═════ DATASET RECORDS

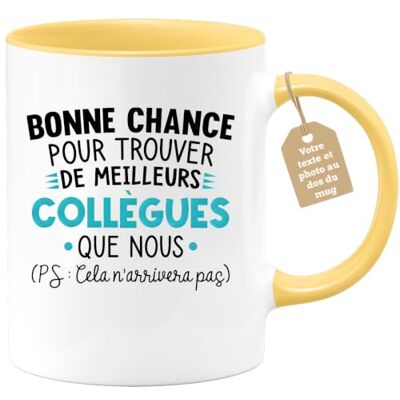 quotedazur Café-Croissant Mok, personaliseerbaar, tekst, foto, humor, depart, collega Bonne Chance Pour Trouver Des Meilleurs Collègues Que Nous Cadeau Kerst Origineel Grappige Begin Pot Geel/Keramisch quotedazur Café-Croissant Mok, personaliseerbaar, tekst, foto, humor, depart, collega Bonne Chance Pour Trouver Des Meilleurs Collègues Que Nous Cadeau Kerst Origineel Grappige Begin Pot Geel/Keramisch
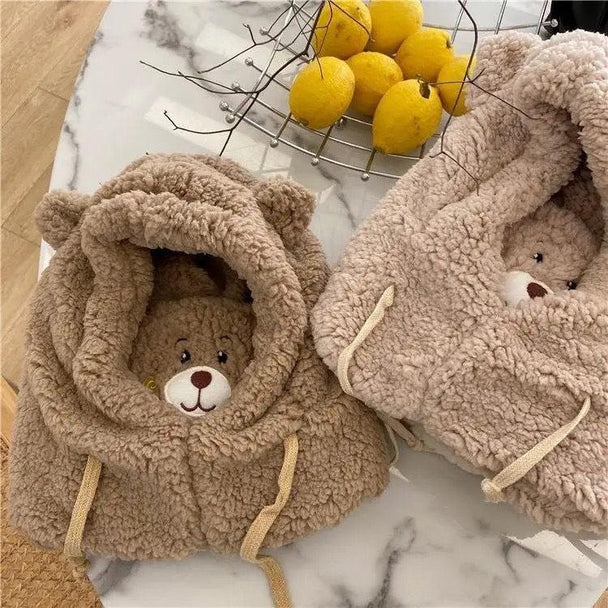 Winter Cute Bear Ears Warm Hat Women Beanies Windproof Cap Student Velvet Warm Neck Scarf Hat - PremiumBrandGoods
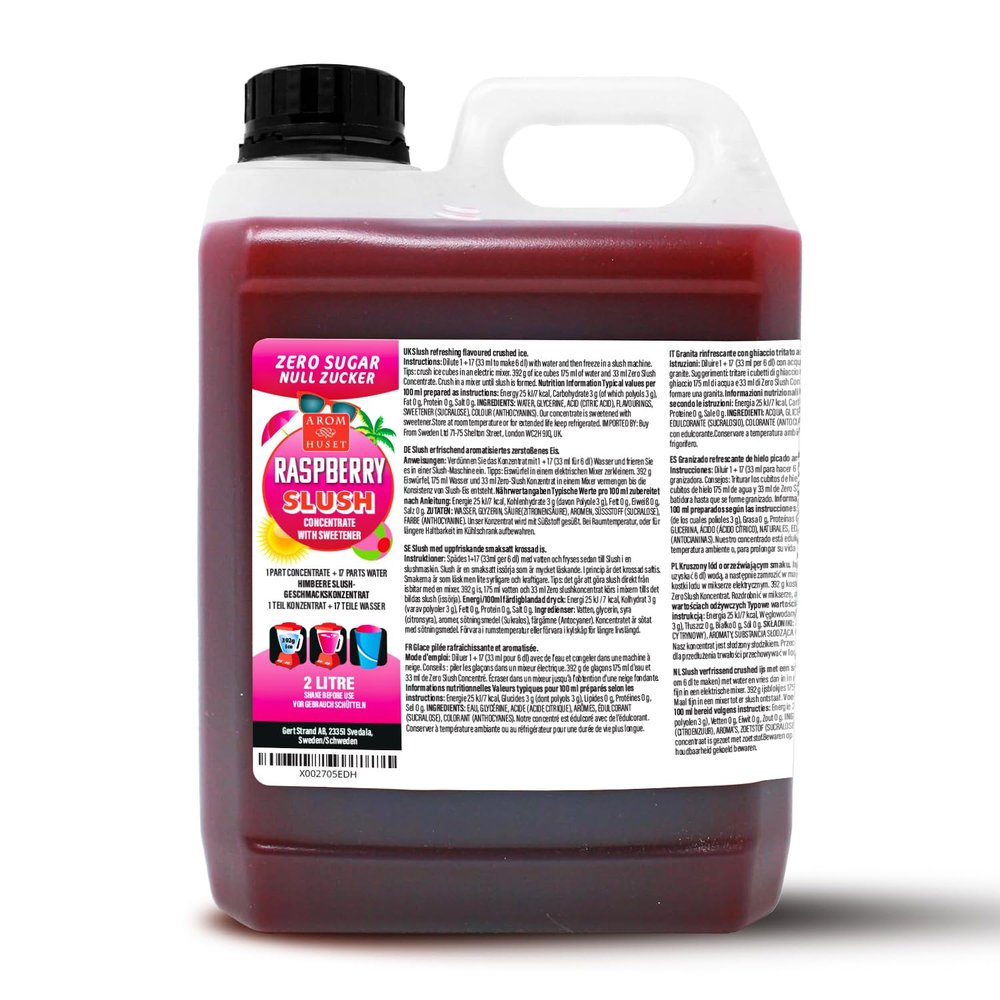 Aromhuset Zero Sugar Raspberry Slush Syrup 2 Litres - Flavoured Frozen Slushie Syrups Mix for Ice Drinks Machines, Blender Mix, Home, DIY Cocktails & More
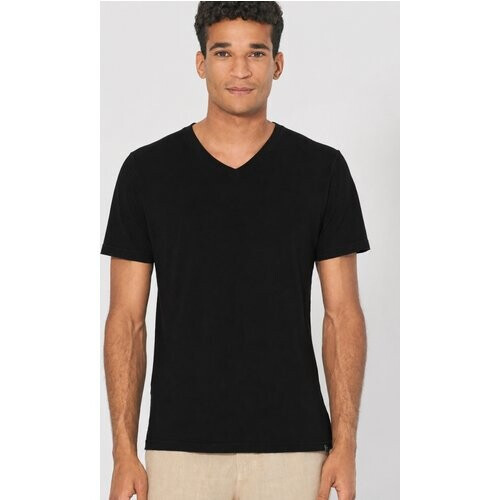 Hempage mannen vegan T-Shirt V-Hals Slim Fit Zwart Tweedehands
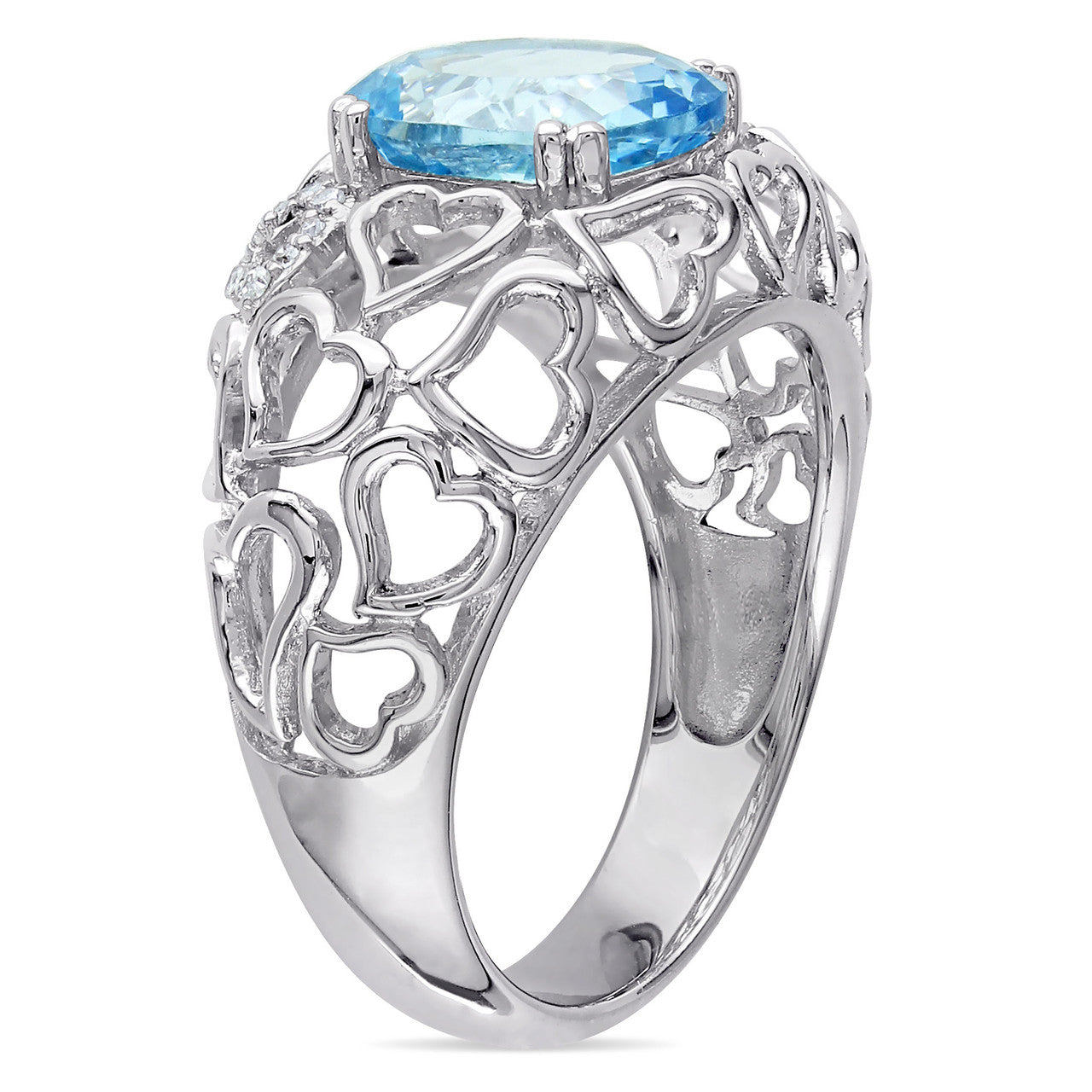 Ice Jewellery 0.06 CT Diamond TW and 3 CT TGW Sky Blue Topaz Ring in Sterling Silver - 75000004822 | Ice Jewellery Australia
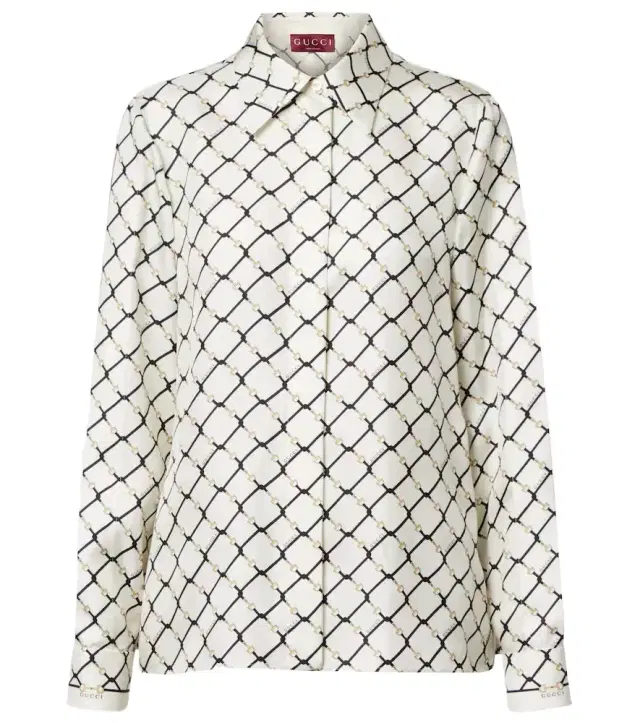Horsebit silk twill shirt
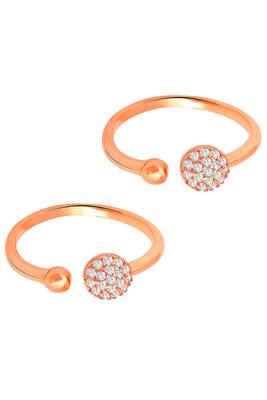 Rose gold plated cz studded adjustable toe ring stylish fancy bichiya daily regular jewellery for women 5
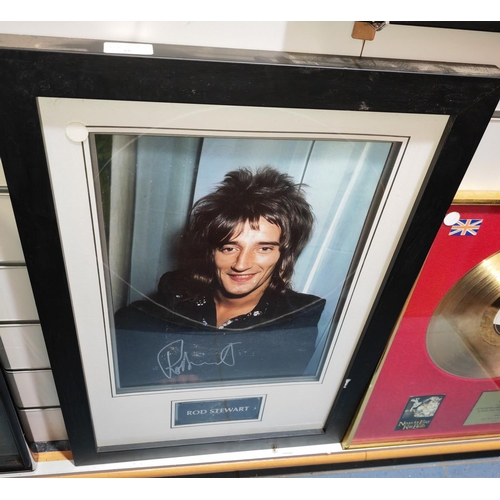 60 - Framed Photo Of Rod Stewart With Genuine Signature No Certificate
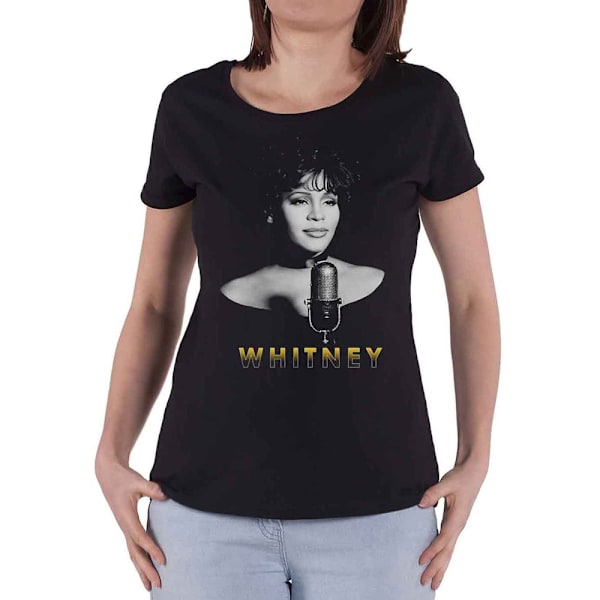 Whitney Houston Dam/Kvinnor Fotografi Bomull T-shirt XL Svart Black XL
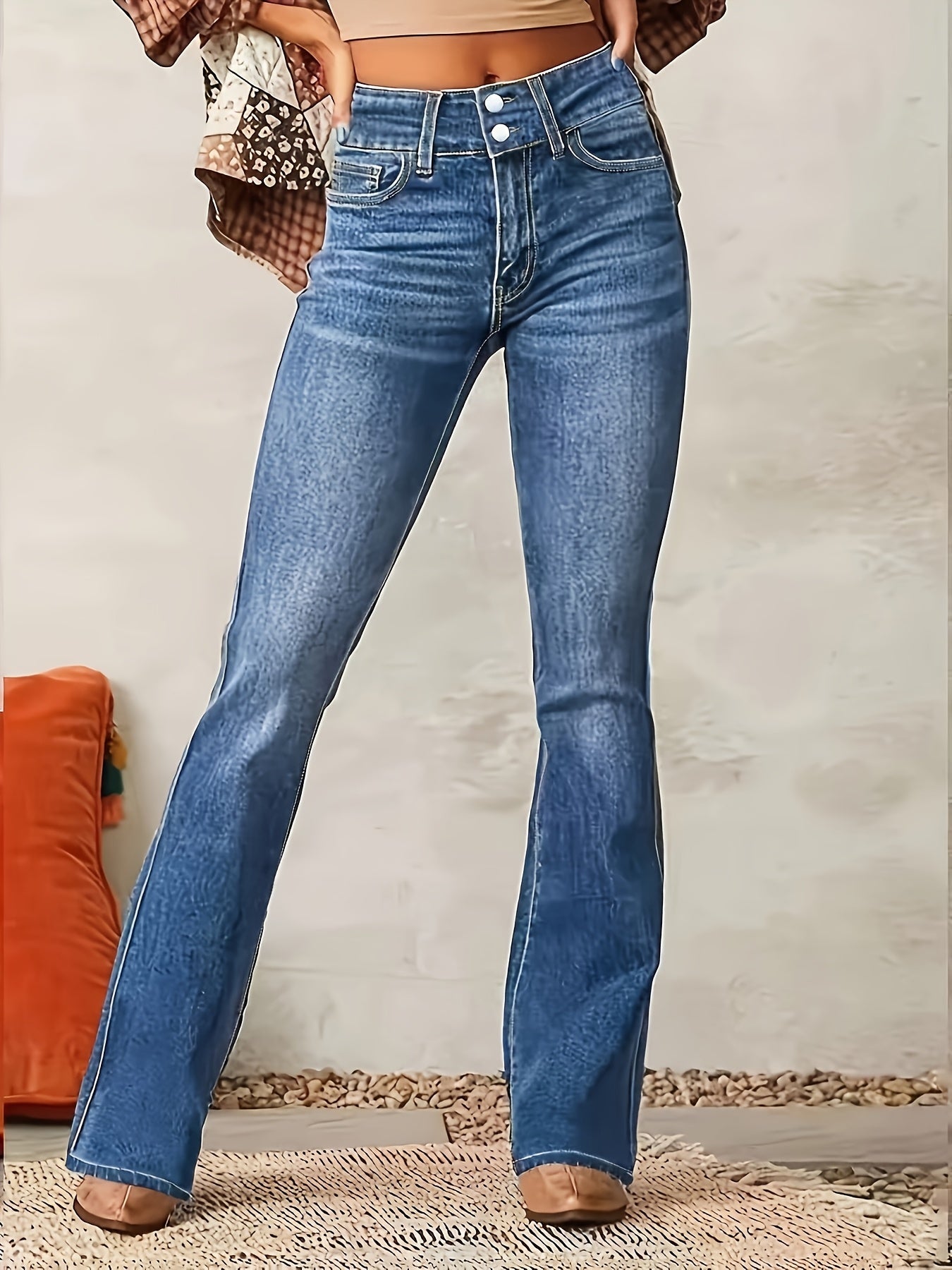 Plus Size Women's Stretchy Bootcut Jeans Casual Solid Color Denim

══════════

→ YOUR GOAL
Give the lines from the one containing "Ice Jewellery 0.06" through the last line of the material again, exactly and with no pictures, both ends included.

→ ANSWER FOR THE TASK
 Ice Jewellery 0.06 CT Diamond TW and 3 CT TGW Sky Blue Topaz Ring in Sterling Silver - 75000004822 | Ice Jewellery Australia
Horsebit silk twill shirt
 Rose gold plated cz studded adjustable toe ring stylish fancy bichiya daily regular jewellery for women 5
 60 - Framed Photo Of Rod Stewart With Genuine Signature No Certificate
 Whitney Houston Dam/Kvinnor Fotografi Bomull T-shirt XL Svart Black XL
 Plus Size Women's Stretchy Bootcut Jeans Casual Solid Color Denim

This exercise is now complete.